Elevated band cell levels are associated with sepsis. They may help differentiate sepsis from non-infectious systemic inflammatory response syndrome (SIRS), a condition caused by trauma, stress, and cardiopulmonary bypass. A cut-off of 8.5% bands or above suggests definite sepsis. Band cells represent the last step of maturation before developing into segmented neutrophils and may be able to perform some of the functions of mature neutrophils. Precursors to band cells, i.e., myelocytes and metamyelocytes, are not significantly functional and may indicate patient deterioration and impending organ dysfunction (Mare 2015). Prospective observational research on a cohort of ICU patients found that band cells expressed an inflammatory phenotype and were capable of innate immune functions, including free radical production and the killing and phagocytizing of bacteria (Drifte 2013).
One retrospective cohort study of 22,820 patients found that the likelihood of bloodstream infection increased significantly as bands increased to 1-2%, with progressively increased likelihood as bands increased further to 3-4%, 5-10%, and finally greater than 10%. Band levels greater than 10% were more likely to be associated with gram-negative bacilli infection, followed by S. aureus, Candida spp., beta-hemolytic streptococci, and S. pneumoniae. In-hospital mortality also increased as bands increased. Researchers recommend prospective studies to confirm these findings (Hsueh 2021).
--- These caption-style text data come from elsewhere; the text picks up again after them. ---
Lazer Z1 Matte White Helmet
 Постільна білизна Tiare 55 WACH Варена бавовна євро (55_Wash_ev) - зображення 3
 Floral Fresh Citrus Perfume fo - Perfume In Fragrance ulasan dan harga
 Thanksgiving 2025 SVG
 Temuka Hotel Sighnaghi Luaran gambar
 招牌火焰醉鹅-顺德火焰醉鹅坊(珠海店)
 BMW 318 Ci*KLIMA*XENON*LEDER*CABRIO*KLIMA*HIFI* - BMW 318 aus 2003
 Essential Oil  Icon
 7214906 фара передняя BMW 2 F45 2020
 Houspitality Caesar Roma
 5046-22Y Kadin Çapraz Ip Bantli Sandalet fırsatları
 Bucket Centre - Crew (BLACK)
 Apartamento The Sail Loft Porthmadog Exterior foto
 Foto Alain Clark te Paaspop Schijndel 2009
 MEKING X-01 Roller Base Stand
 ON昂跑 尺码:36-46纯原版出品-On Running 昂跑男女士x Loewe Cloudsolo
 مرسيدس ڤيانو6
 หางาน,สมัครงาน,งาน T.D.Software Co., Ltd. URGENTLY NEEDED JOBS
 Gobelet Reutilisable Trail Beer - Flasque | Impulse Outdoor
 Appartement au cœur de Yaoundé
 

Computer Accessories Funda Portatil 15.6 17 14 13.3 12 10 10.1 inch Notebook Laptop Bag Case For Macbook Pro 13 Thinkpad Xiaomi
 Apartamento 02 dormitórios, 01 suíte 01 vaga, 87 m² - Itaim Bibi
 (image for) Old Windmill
Cytokines associated with infection stimulate the bone marrow to release more immature cells, including band cells, though this shift to the left may be delayed in septic shock. Other causes of increased circulating bands include hemorrhage, surgery, tissue necrosis, myeloproliferative disease, and exogenous granulocyte cell stimulating factor administration. Some research suggests that bands above 3% may indicate infection (Farkas 2020).
Drifte, Geneviève et al. “Innate immune functions of immature neutrophils in patients with sepsis and severe systemic inflammatory response syndrome.” Critical care medicine vol. 41,3 (2013): 820-32. doi:10.1097/CCM.0b013e318274647d
Farkas, Joshua David. “The complete blood count to diagnose septic shock.” Journal of thoracic disease vol. 12,Suppl 1 (2020): S16-S21. doi:10.21037/jtd.2019.12.63
Hsueh, Leon et al. “Elevated bands as a predictor of bloodstream infection and in-hospital mortality.” The American journal of emergency medicine vol. 41 (2021): 205-208. doi:10.1016/j.ajem.2020.11.049
Kipnis, Eric. “Neutrophils in sepsis: battle of the bands.” Critical care medicine vol. 41,3 (2013): 925-6. doi:10.1097/CCM.0b013e31828042d8
Mare, Tracey Anne et al. “The diagnostic and prognostic significance of monitoring blood levels of immature neutrophils in patients with systemic inflammation.” Critical care (London, England) vol. 19,1 57. 25 Feb. 2015, doi:10.1186/s13054-015-0778-z
Pagana, Kathleen Deska, et al. Mosby's Diagnostic and Laboratory Test Reference. 15th ed., Mosby, 2021.